### Requirement
When the line containing "Casa Carla Santa-Cruz de Ténérife" appears in the data below, begin copying there and stop only after the line containing "Image de Martin".

### Input
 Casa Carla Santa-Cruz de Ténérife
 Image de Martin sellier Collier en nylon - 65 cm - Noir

---

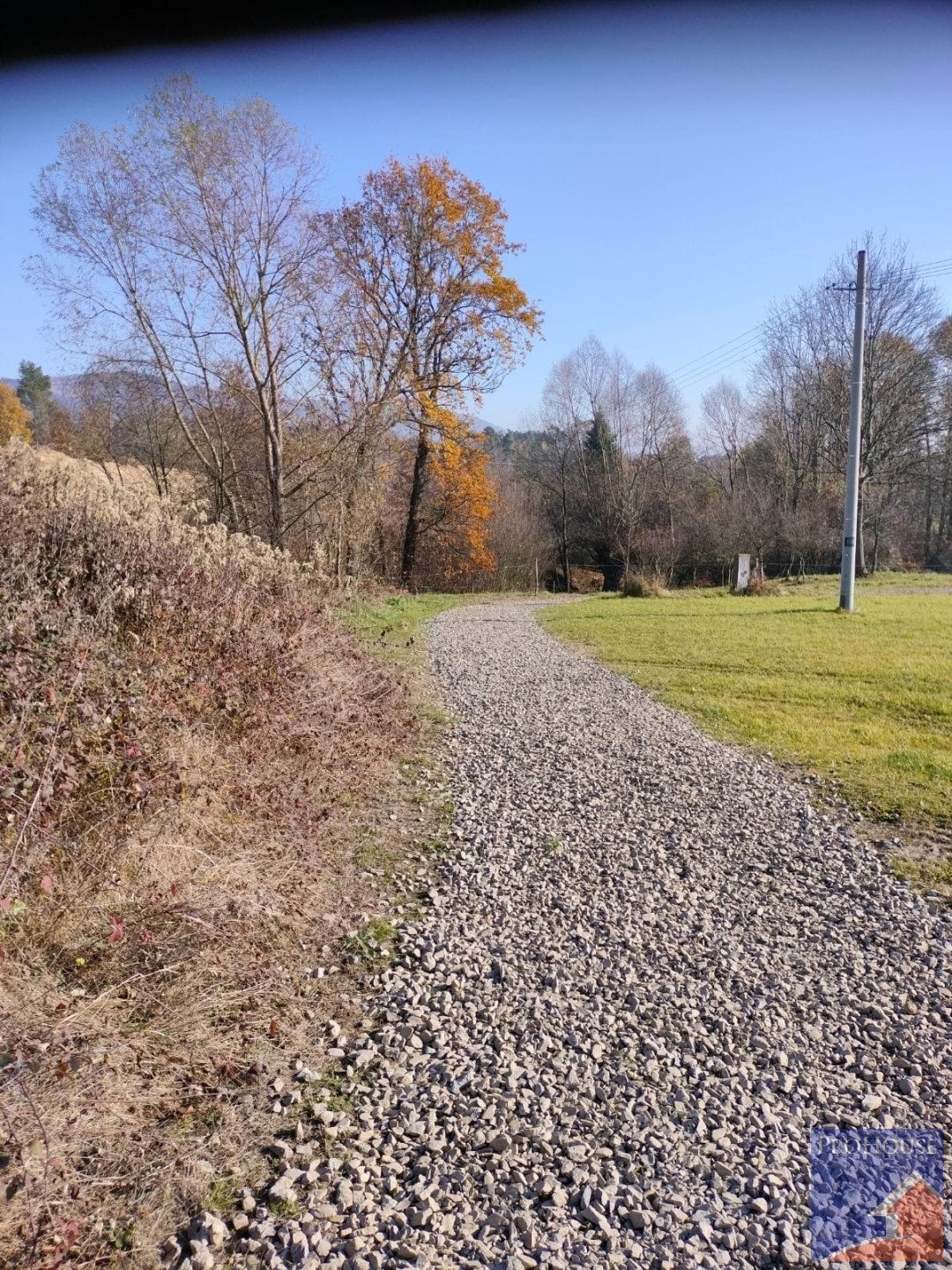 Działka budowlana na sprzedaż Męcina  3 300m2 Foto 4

### Exercise answer
 Casa Carla Santa-Cruz de Ténérife
 Image de Martin sellier Collier en nylon - 65 cm - Noir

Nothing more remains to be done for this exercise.